***** PROVIDED ENTRIES
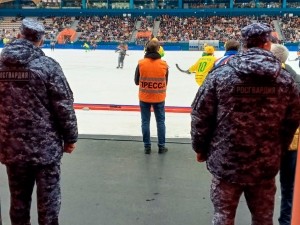 Росгвардия обеспечили охрану правопорядка на финале Чемпионата по хоккею с мячом в Кузбассе
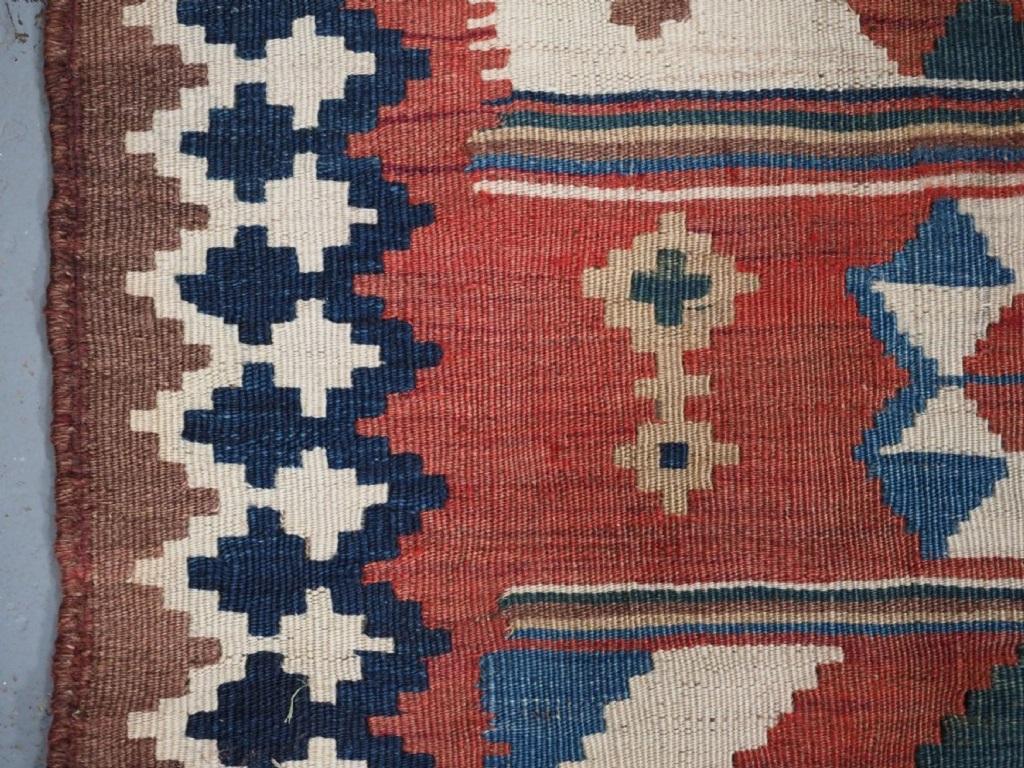 Antiker Qashqai-Stammes Kelim mit gebändertem Design, um 1900 (Stammeskunst) im Angebot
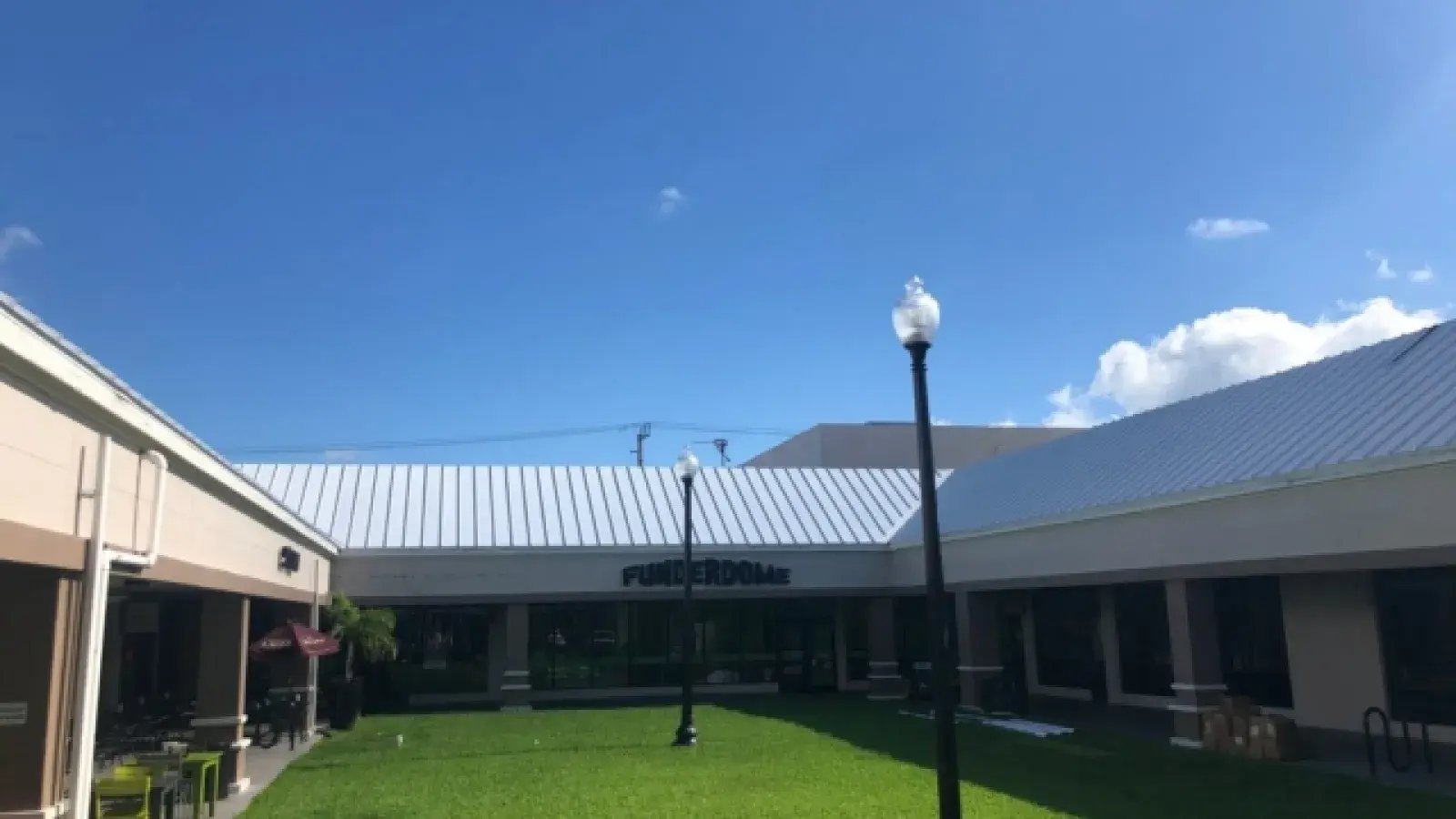 SOUTHPORT PLAZA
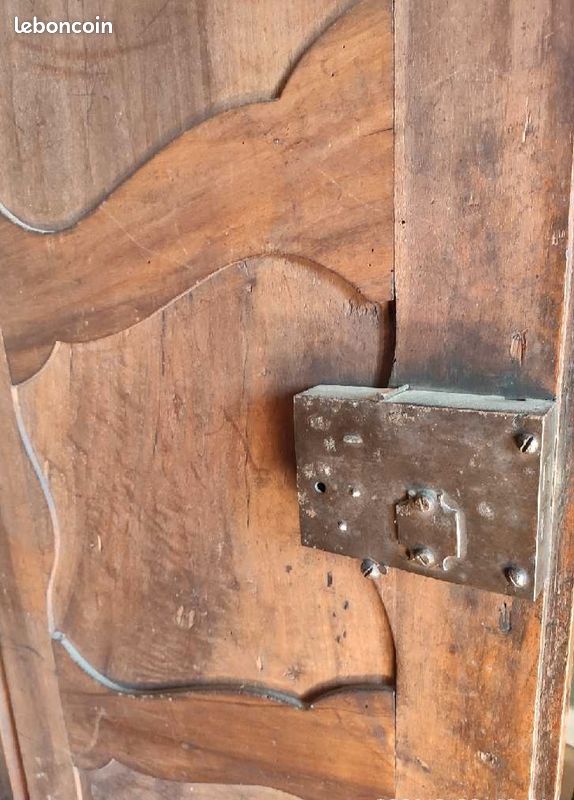 Urgent Armoire Normande mariage, antiquitée,bois brut, orné de de fleurs, (image 6)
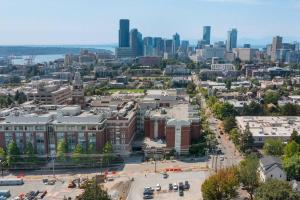 Nespecifikovaný výhled na destinaci Seattle nebo výhled na město při pohledu z apartmánu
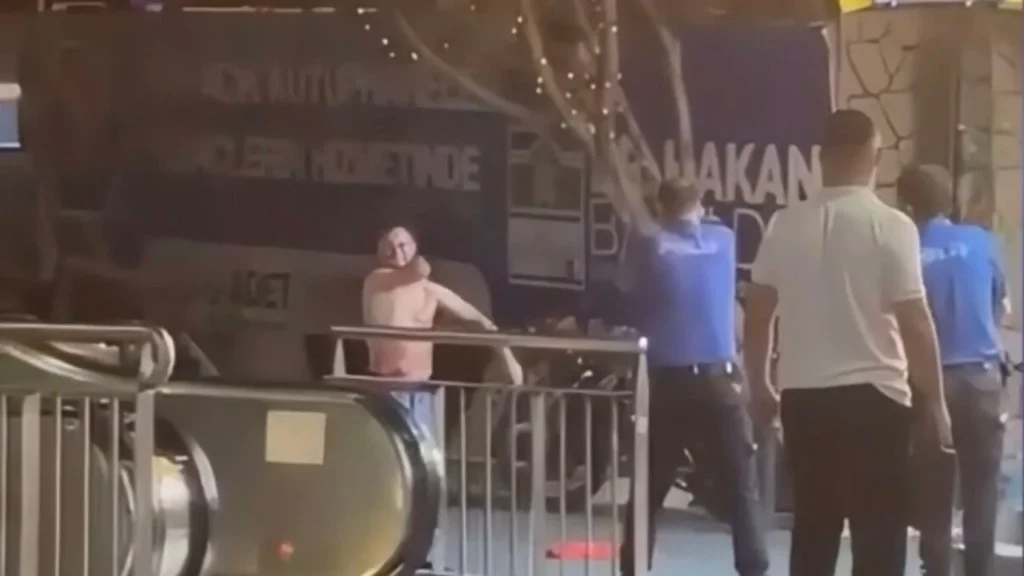 Cam parçasıyla kendisine zarar verdi; polis havaya ateş açtı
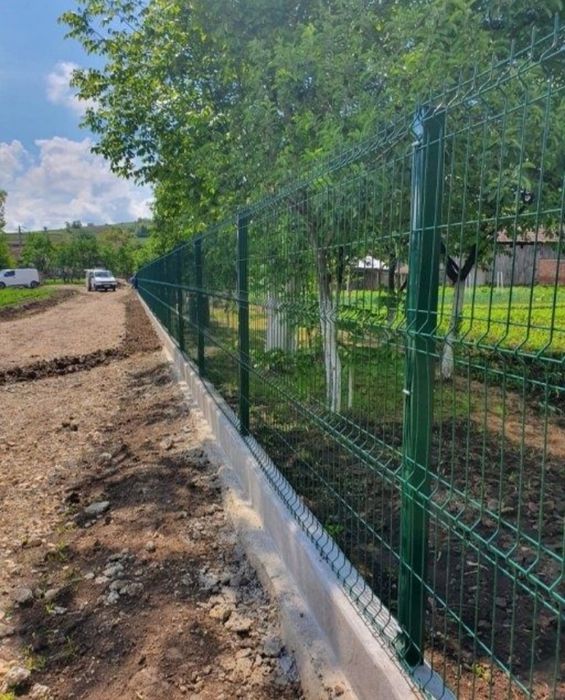 Garduri și porți din plasă de sârmă bordurată și acoperită. Ideale pen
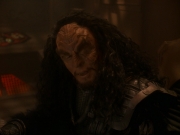 extant_StarTrek_DS9_5x21-SoldiersOfTheEmpire_01651.jpg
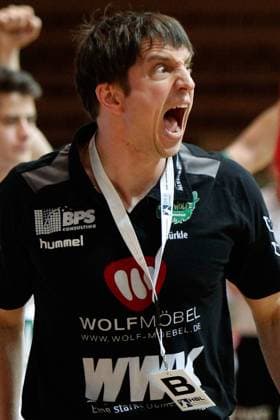 Handball, 2. Bundesliga, DJK Rimpar Wölfe - TuSEM Essen, v.li.: Trainer Jens Bürkle (DJK Rimpar Wölfe) enttäuscht schauend, Enttäuschung, disappointed xfsx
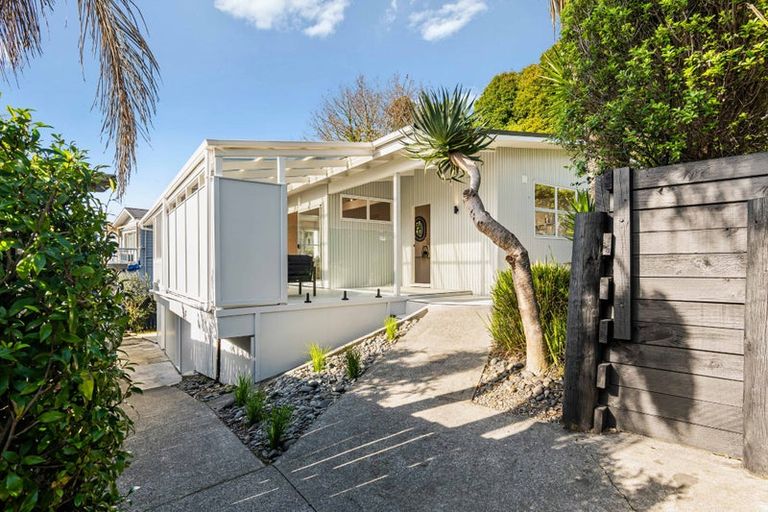 Photo of property in 2/1c Bank Street, Hillcrest, Auckland, 0627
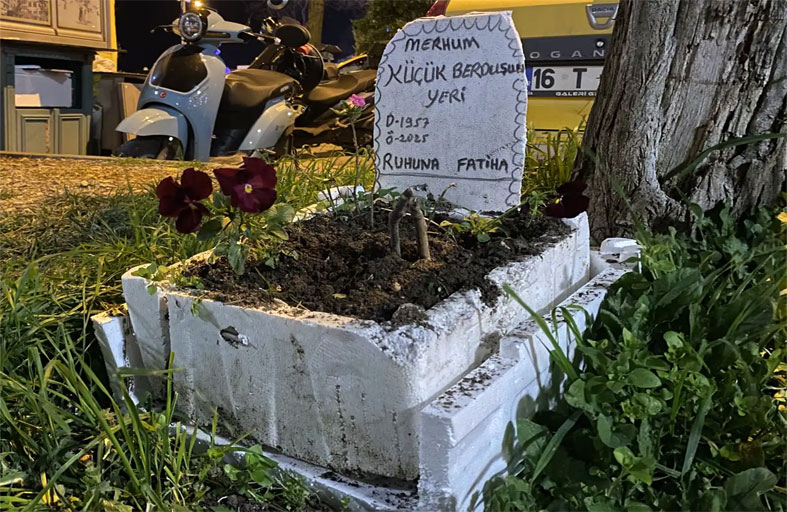 بناء قبر لببغاء عاش 68 عاماً 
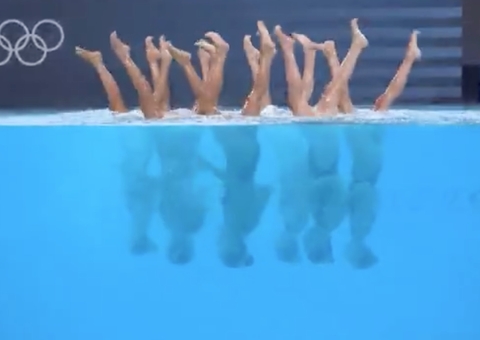 Equipe dos EUA de nado sincronizado surpreende com "moonwalk" em Paris; vídeo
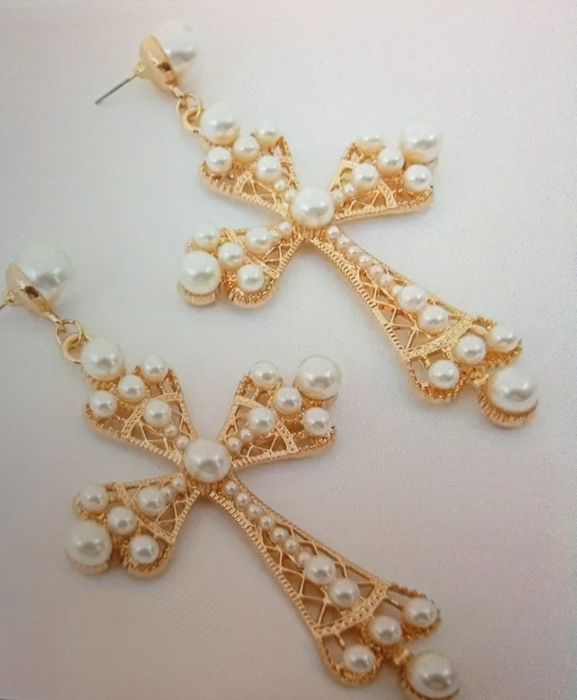 Kolczyki  krzyże duże z imitacją pereł.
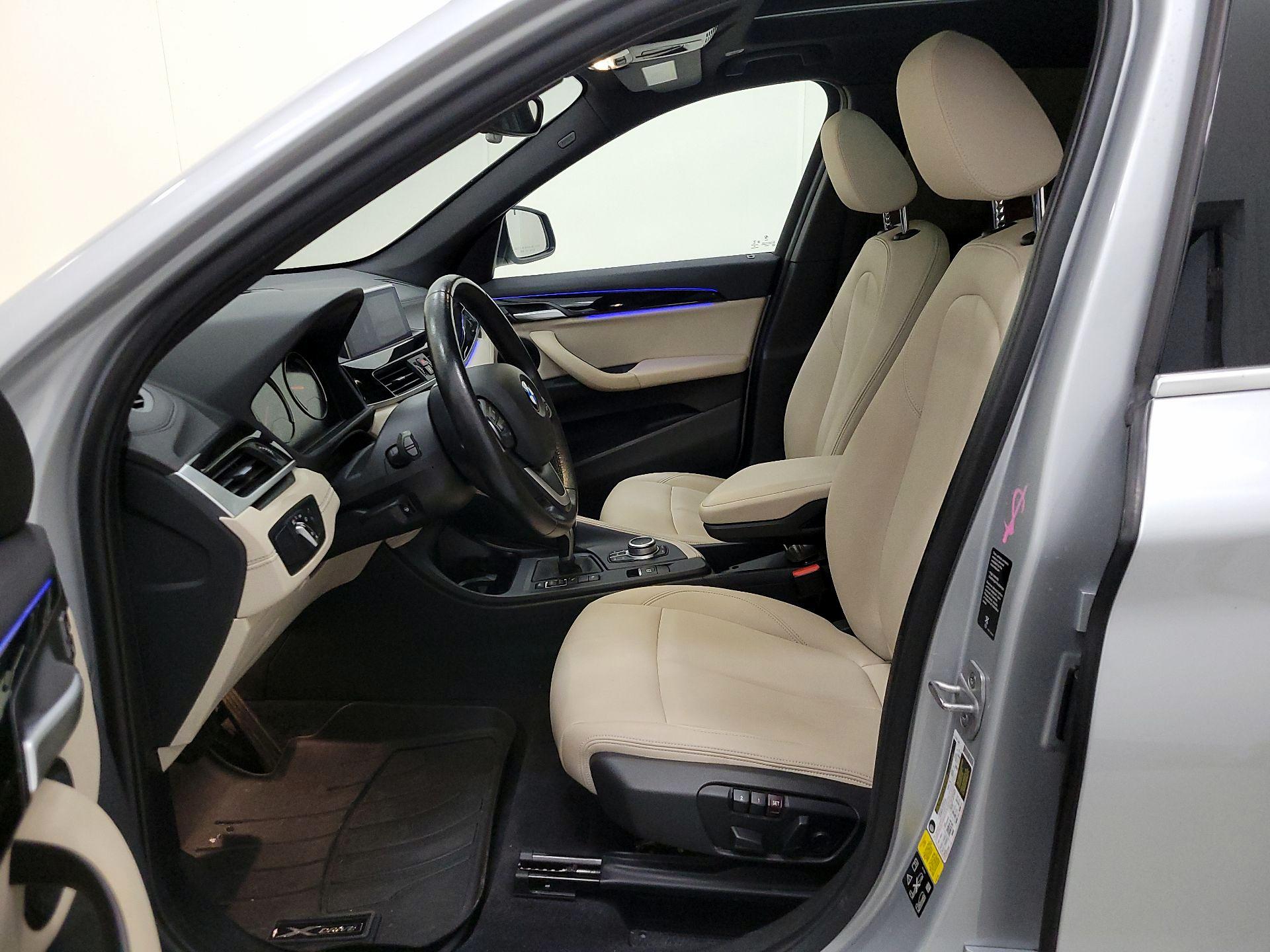 Thumbnail: 2021 BMW X1 - 11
**********
▸ **WHAT THE EXERCISE ASKS**
The result should be every line of the data, reproduced exactly, with the images removed.

▸ **RESPONSE AREA**
 Росгвардия обеспечили охрану правопорядка на финале Чемпионата по хоккею с мячом в Кузбассе
 Antiker Qashqai-Stammes Kelim mit gebändertem Design, um 1900 (Stammeskunst) im Angebot
 SOUTHPORT PLAZA
 Urgent Armoire Normande mariage, antiquitée,bois brut, orné de de fleurs, (image 6)
 Nespecifikovaný výhled na destinaci Seattle nebo výhled na město při pohledu z apartmánu
 Cam parçasıyla kendisine zarar verdi; polis havaya ateş açtı
 Garduri și porți din plasă de sârmă bordurată și acoperită. Ideale pen
 extant_StarTrek_DS9_5x21-SoldiersOfTheEmpire_01651.jpg
 Handball, 2. Bundesliga, DJK Rimpar Wölfe - TuSEM Essen, v.li.: Trainer Jens Bürkle (DJK Rimpar Wölfe) enttäuscht schauend, Enttäuschung, disappointed xfsx
 Photo of property in 2/1c Bank Street, Hillcrest, Auckland, 0627
 بناء قبر لببغاء عاش 68 عاماً 
 Equipe dos EUA de nado sincronizado surpreende com "moonwalk" em Paris; vídeo
 Kolczyki  krzyże duże z imitacją pereł.
 Thumbnail: 2021 BMW X1 - 11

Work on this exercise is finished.